A Ásia, globalmente, quando se trata de whisky de prestígio, é um mercado importante. Segundo, porque a Coréia especificamente, se você combinar o que vendemos no mercado doméstico com o que vendemos em duty free – porque muitos clientes coreanos compram em freshops – fazem da Coreia a nacionalidade número 1 das pessoas que compram Royal Salute.
Mas para ser honesto, fizemos eventos de pequena escala, um em Nova York e outro em Londres, porque quando se trata de luxo, não há limites. O luxo é global. Então, precisávamos ter certeza de que estávamos fazendo uma referência nos EUA e outra na Europa.
O que há de diferença no mercado de luxo para o mercado normal? E o que acha sobre o mercado de whiskies de luxo na América do Sul e Brasil?
O que é diferente no luxo é que não há meio-termo. Não há meio-termo na qualidade, nem meio-termo em qualquer coisa que você faça, porque há uma expectativa de que algo seja excepcional quando você compra luxo.
Então, neste mindset, tento comparar com outras marcas de luxo que não são bebidas alcoólicas, ao invés de comparar com outras marcas que são whisky que não são de luxo. O que é importante para nós é ter uma mentalidade de luxo. E a mentalidade do luxo é ser excepcional em tudo que fazemos – o whisky, o pacote, a experiência, a comunicação. Tudo tem que ser excepcional.
Falando sobre o Brasil – em todos os mercados do mundo, há um espaço para pessoas que estão à procura de luxo. O Brasil é um grande mercado para o whisky. As pessoas gostam e conhecem whisky. O importante é que desenvolvamos uma cultura sobre o whisky de luxo.

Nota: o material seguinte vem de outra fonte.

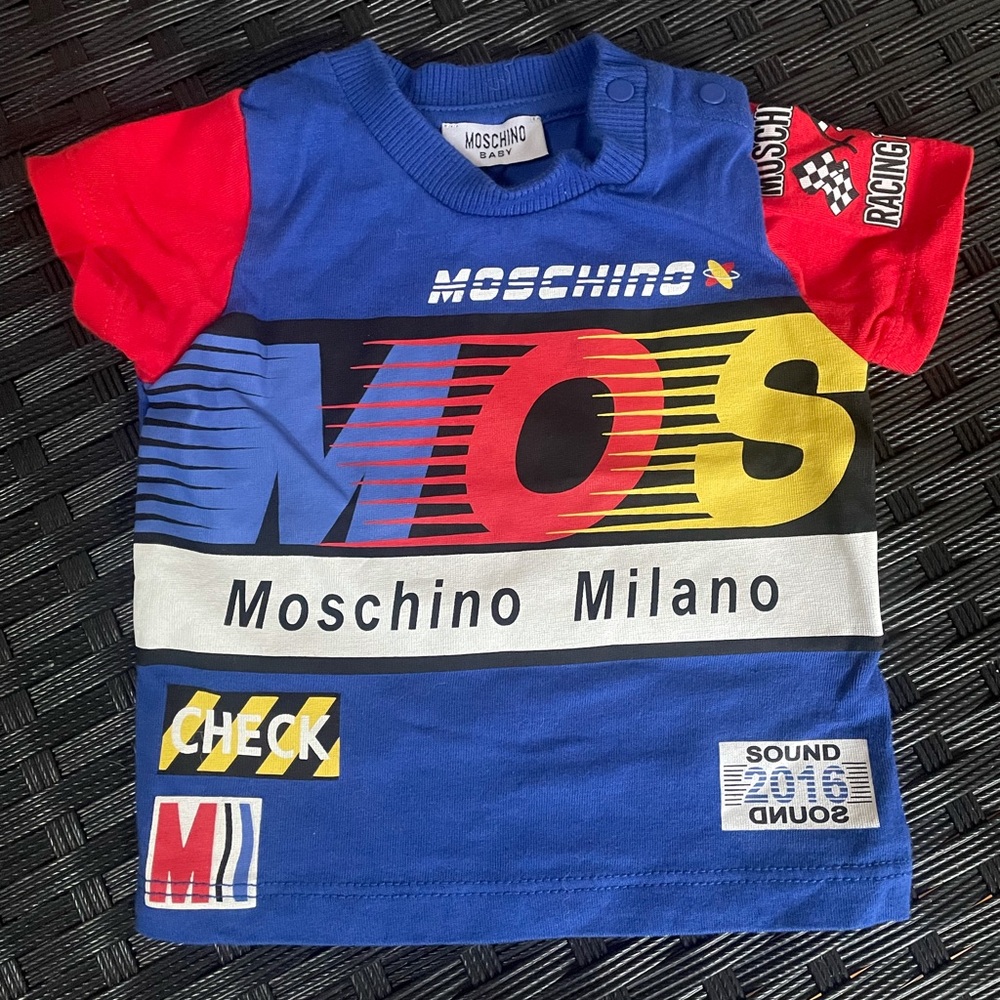 NWOT Moschino baby racer tshirt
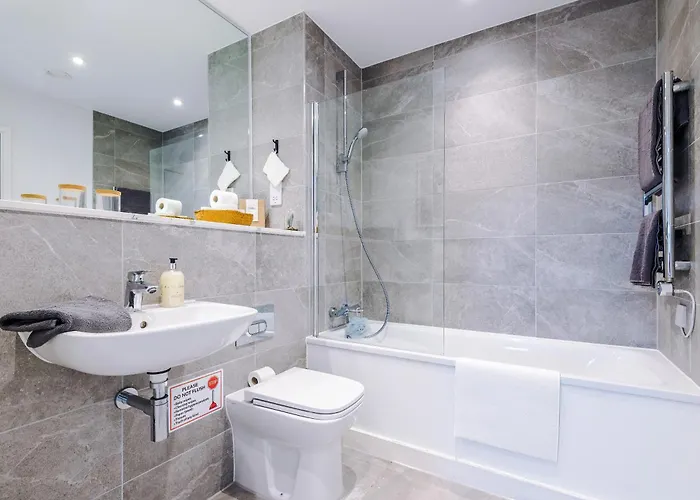 Lejlighed Duplex In Salford, 2br&2ba, Full Kitchen *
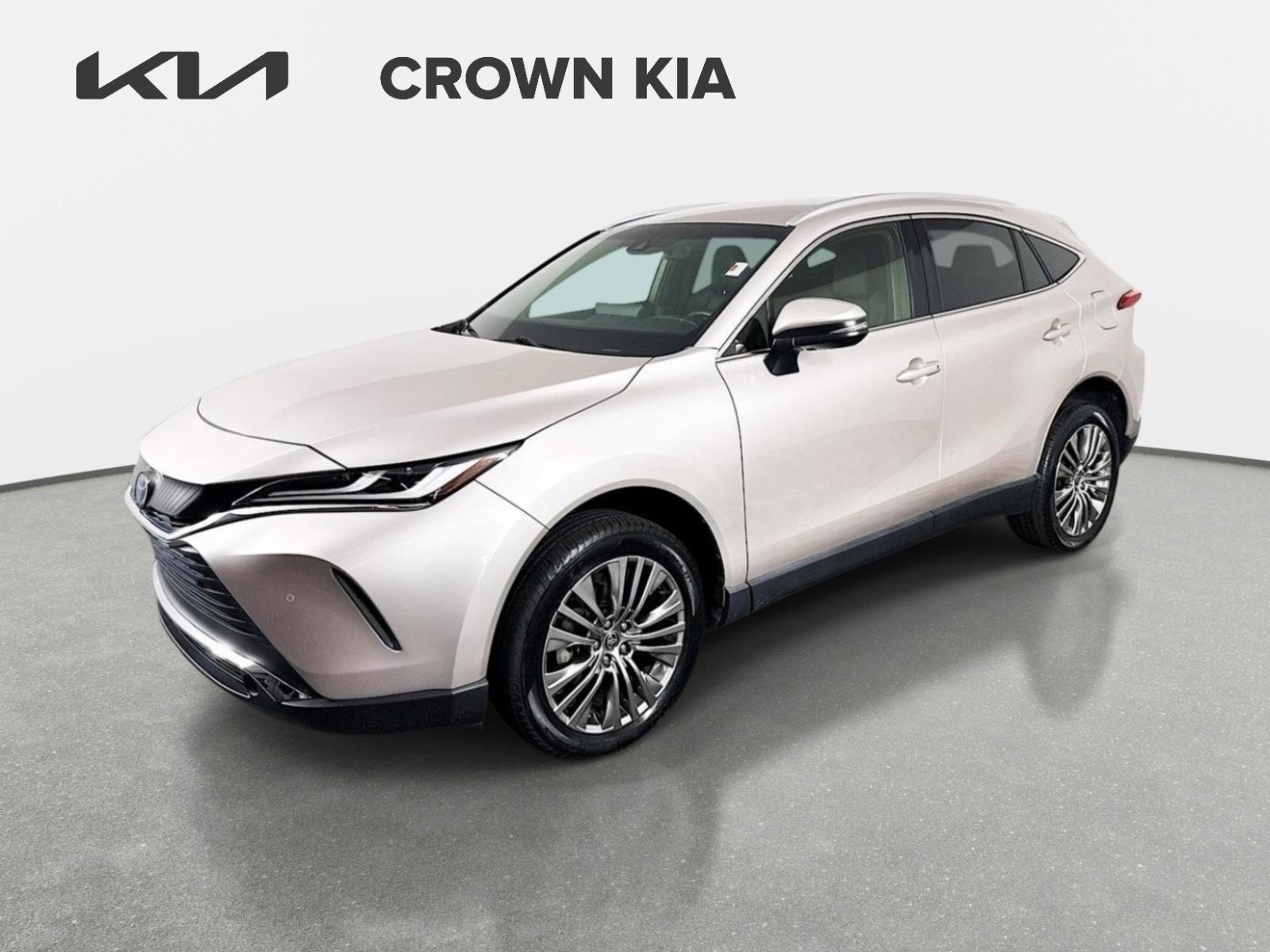 Used 2022 Toyota Venza XLE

Talvez já esteja lá para champanhe. Provavelmente menos para o whisky.
Mas é nossa responsabilidade nos conectarmos com o influenciador certo, o bartender, restaurante, consumidor, imprensa, revista, seja o que for, para falar sobre Royal Salute, porque provavelmente o problema de Royal Salute não é sua qualidade, mas o fato de não ser conhecido. Portanto, nossa primeira missão em muitos países do mundo é garantir que a Royal Salute seja conhecido. Mas de uma maneira muito diferente você faria com um whisky mais acessível. O que importa não é o número de pessoas que você alcança, mas a qualidade da maneira como você as alcança e a experiência.
Não temos nada a dizer sobre fazer algo a curto prazo. Mas algo mudando o jogo e a longo prazo. E isso requer tempo.
Engraçado, mestre que ainda que supérfluo, caso não exista, na proporção correta, claro, a qualidade de vida cai vertiginosamente.
Excelente entrevista! Muito interessante enxergar tudo isso do ponto de vista do Diretor de Marketing. Perceber a busca da evolução, onde aparentemente o ápice já foi atingido. E eles conseguiram hahaha.
Abraço!
É como disse Rostropovich, quando perguntaram porque ele ainda tocava violoncelo por 6h cada dia: “é que eu acho que estou progredindo”. rs.